La parole, la science et le lien.

Parler soulage et apaise. C'est un principe bien connu de la psychologie naturelle. Alors que des chercheurs qui se veulent scientifiques, tentés de se rattacher aux sciences nobles, hier par le conditionnement, aujourd'hui par le traitement de l'information et les neurosciences, s'enferment dans leurs laboratoires pour y naturaliser l'esprit, ce qui ne veut rien dire d’autre que déshumaniser l'homme (le débarrasser des intentions, du sens, de l’intériorité), d'autres psychologues sont sollicités de toutes parts pour remettre un peu d'humanité, de sens, d’intériorité, dans la vie d’hommes qui ont besoin de parler à d'autres hommes pour relancer cette vie psychique que les réductivismes de toutes sortes s'obstinent à leur dénier. Suivant les situations, les méthodes, les cadres de soin, la place donnée à cet échange de paroles est plus ou moins importante. Elle peut être le tout de la rencontre, c'est le cas pour les psychologues cliniciens qui oeuvrent dans les milieux de soins pour s'occuper des maladies de l'âme et maintenant des traumatisés de la vie.

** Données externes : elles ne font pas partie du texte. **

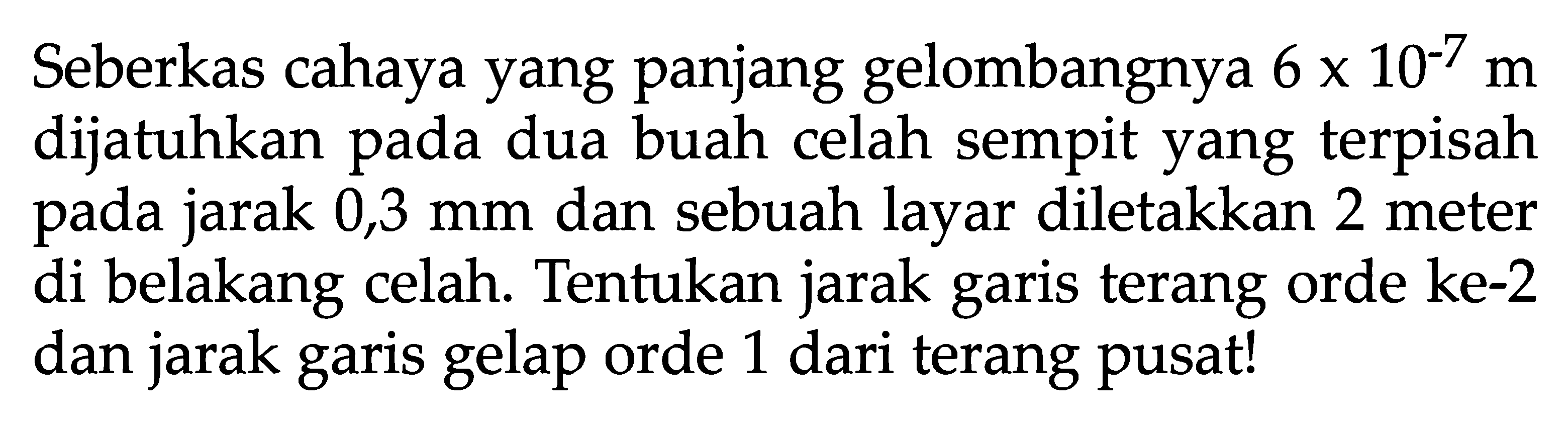 Seberkas cahaya yang panjang gelombangnya 6 x 10^(-7) m dijatuhkan pada dua buah celah sempit yang terpisah pada jarak 0,3 mm dan sebuah layar diletakkan 2 meter di belakang celah. Tentukan jarak garis terang orde ke-2 dan jarak garis gelap orde 1 dari terang pusat! 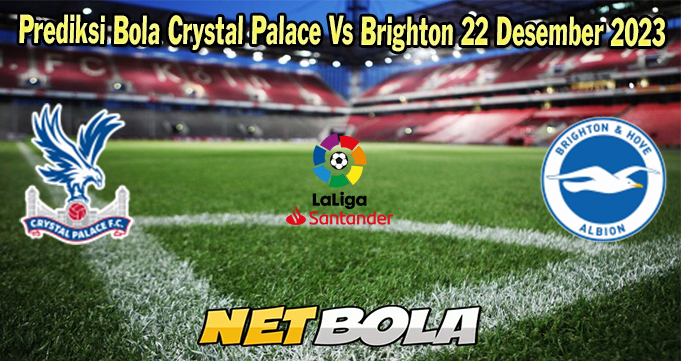 Prediksi Bola Crystal Palace Vs Brighton 22 Desember 2023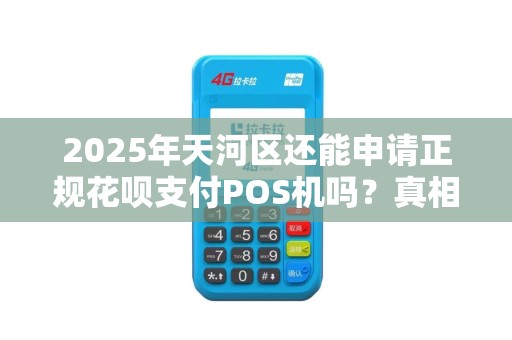 2025年天河区还能申请正规花呗支付POS机吗？真相让人意外！
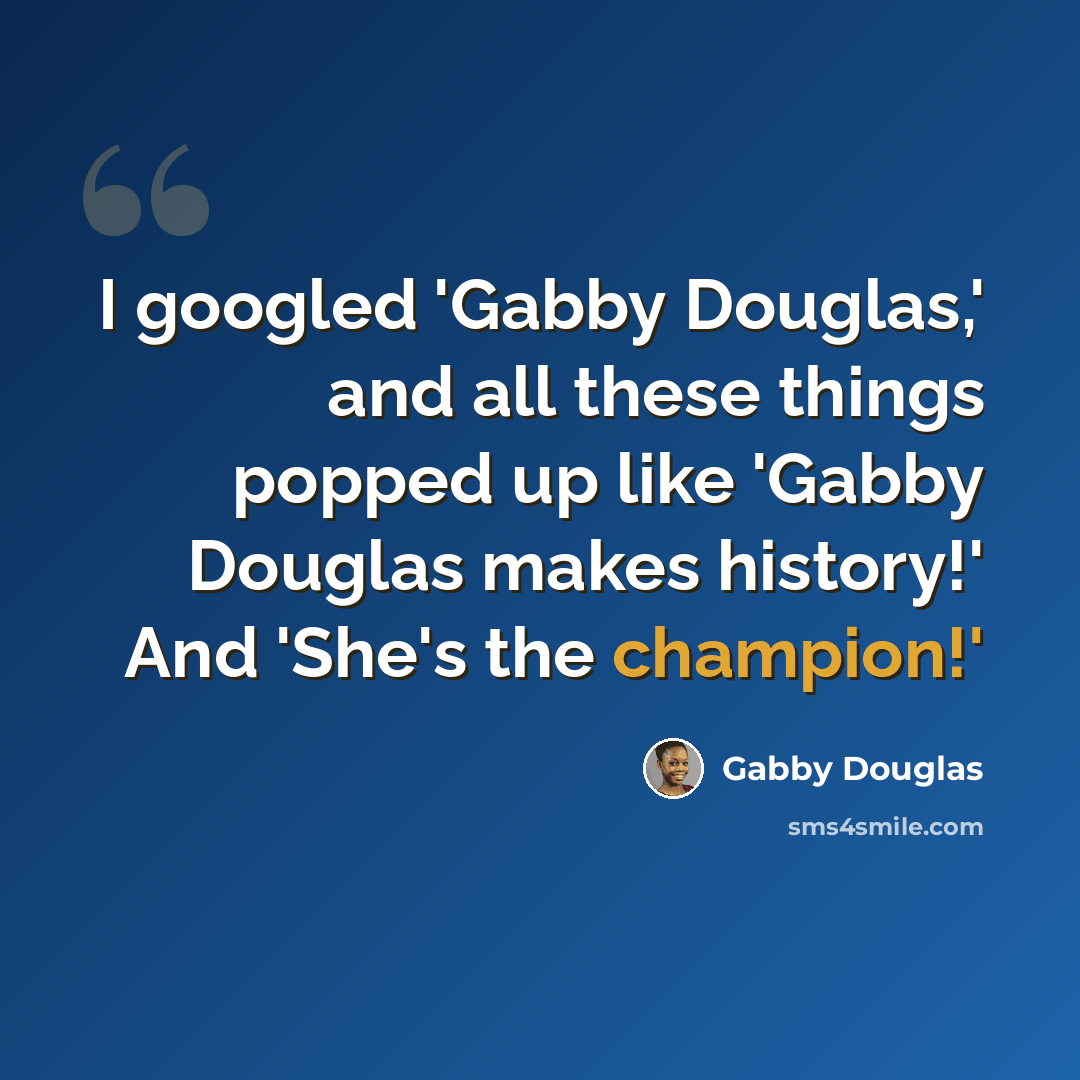 “I googled 'Gabby Douglas,' and all these things popped up like 'Gabby Douglas makes history!' And 'She's the champion!'” quote by Gabby Douglas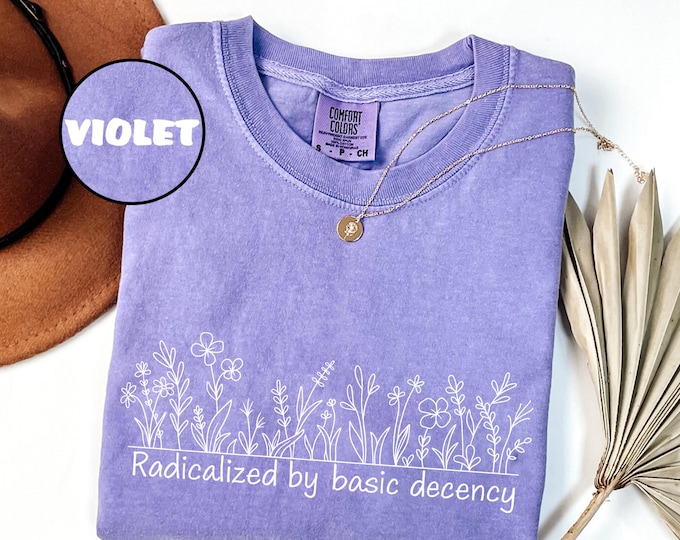 Radicalized By Basic Decency Comfort Colors® T-Shirt, Liberal Feminist Accessory, Motivational Gift, Feminist Activist Gift, Gift for Her
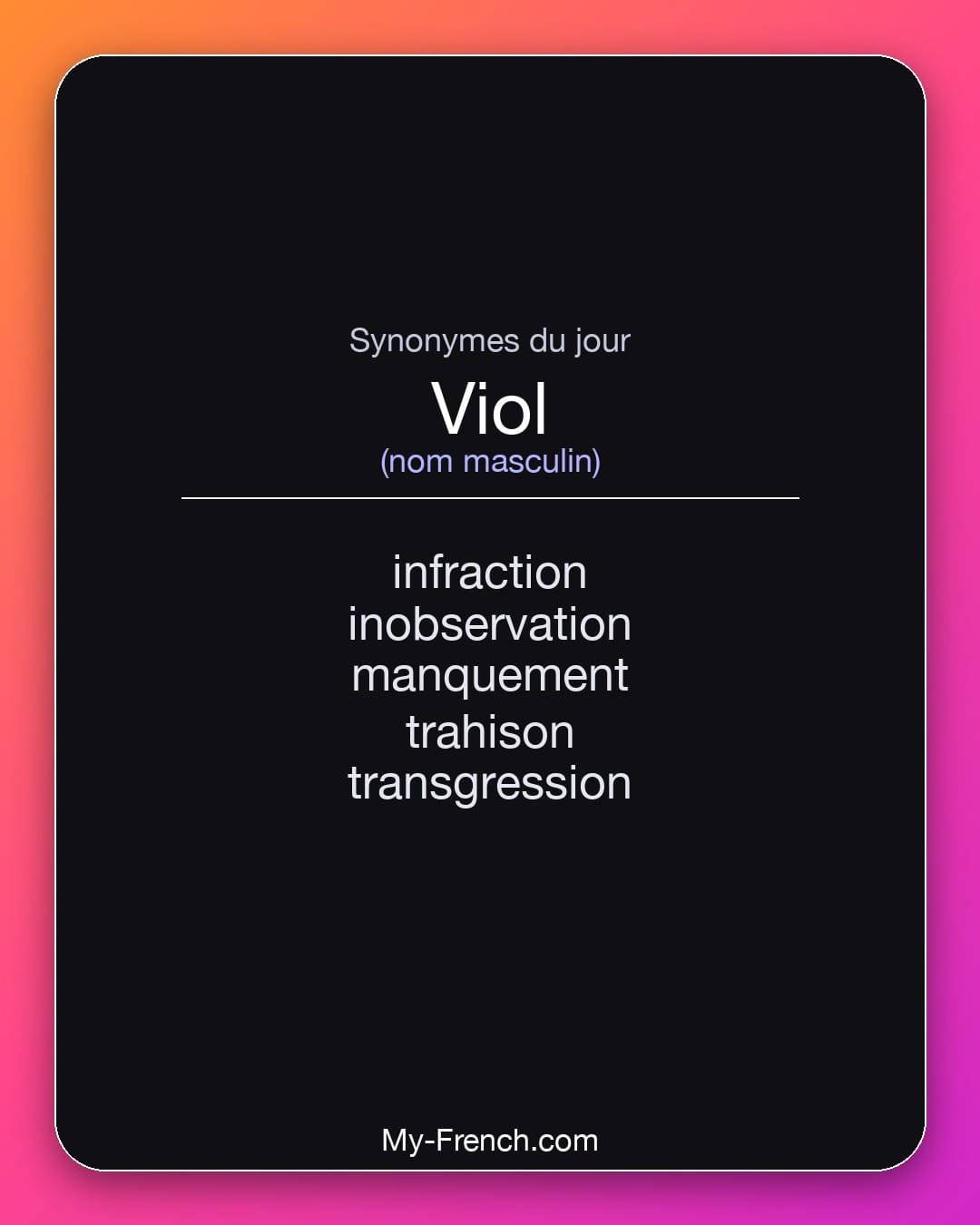 Synonymes de viol : infraction, inobservation, manquement, trahison, transgression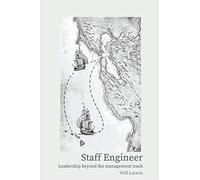 Staff Engineer: Leadership beyond the management track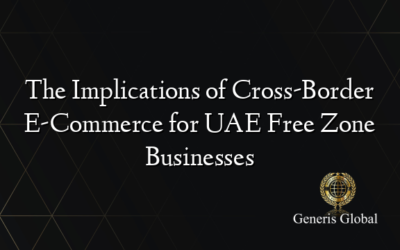 The Implications of Cross-Border E-Commerce for UAE Free Zone Businesses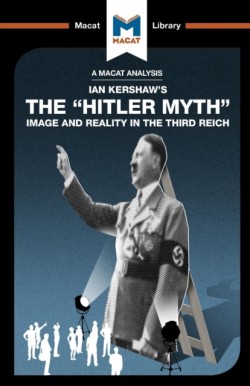 An Analysis of Ian Kershaws The Hitler Myth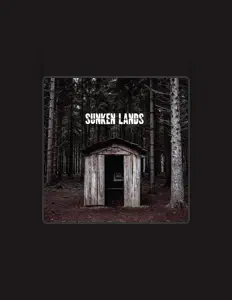 Poslechněte si interpreta Sunken Lands, sledujte hudební videa, přečtěte si životopis, podívejte se na data turné a další informace.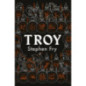 Troy : Our Greatest Story Retold Troy : Our Greatest Story Retold
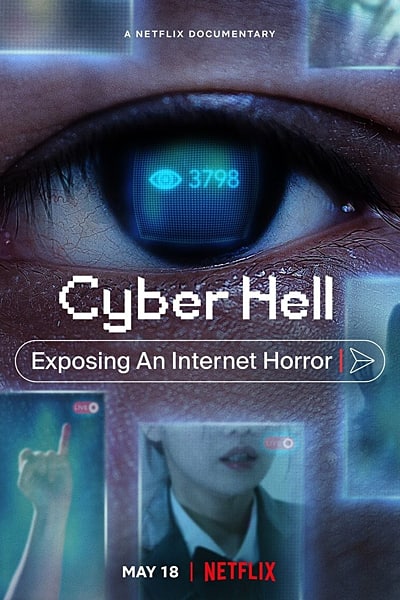 Cyber Hell: Exposing an Internet Horror (2022) Dual Audio {Hindi-English} Movie 480p | 720p | 1080p WEB-DL
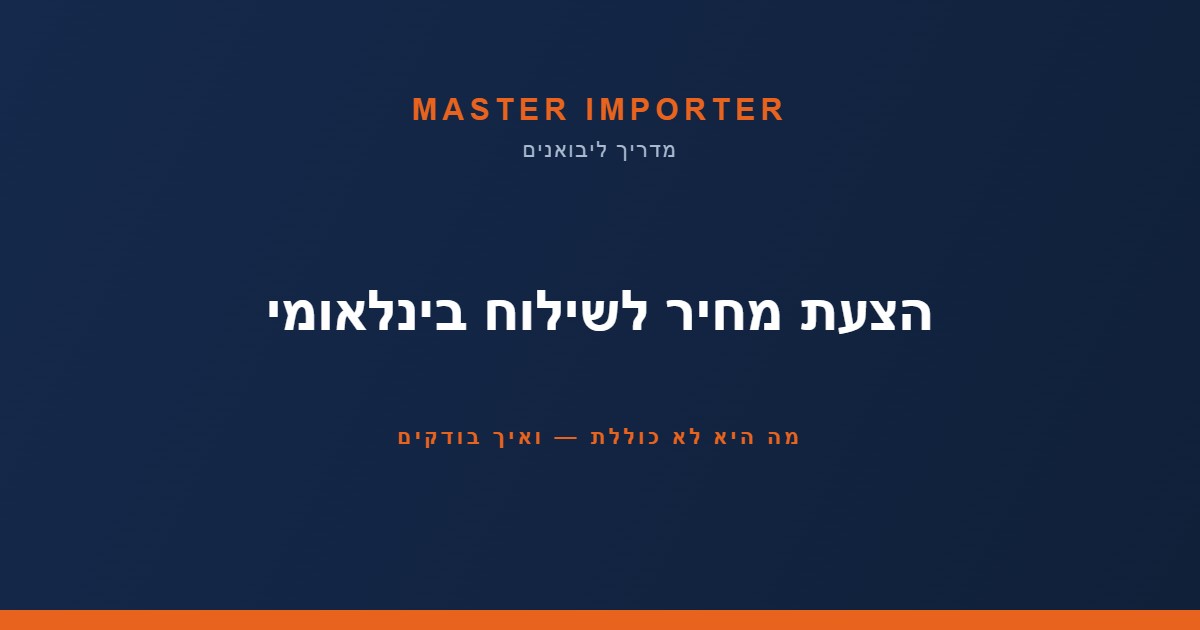 הצעת מחיר שילוח בינלאומי — מה היא לא כוללת ואיך מחשבים עלות יבוא אמיתית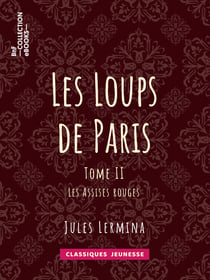 Les Loups de Paris - Tome II - Les Assises rouges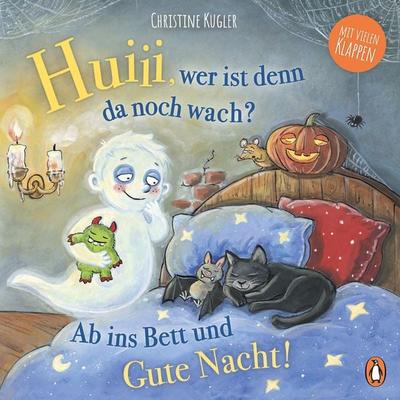 Huiii, wer ist denn da noch wach? – Ab ins Bett und Gute Nacht!, Gebundene Ausgabe von Christine Kugler, Penguin Junior, 978-3-328-30320-6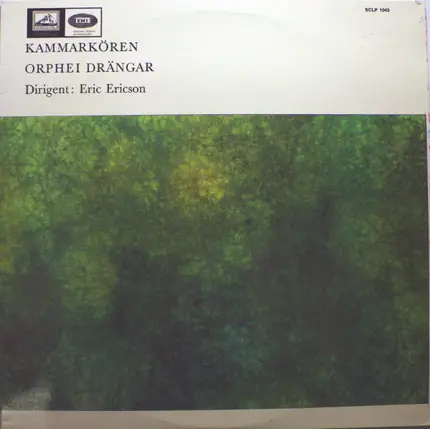 Kammarkören / Orphei Drängar - Och Jungfrun Hon Går I Ringen / På Fjället I Sol a.o.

Elle peut n’être qu'une partie de la rencontre, c'est le cas pour les psychologues scolaires par exemple qui sont le plus souvent conduits par leur mission a accorder une partie importante de leur travail à des évaluations, mais qui ne peuvent ignorer que toujours la relance et la dynamisation de la vie psychique passe par un échange de paroles 623 .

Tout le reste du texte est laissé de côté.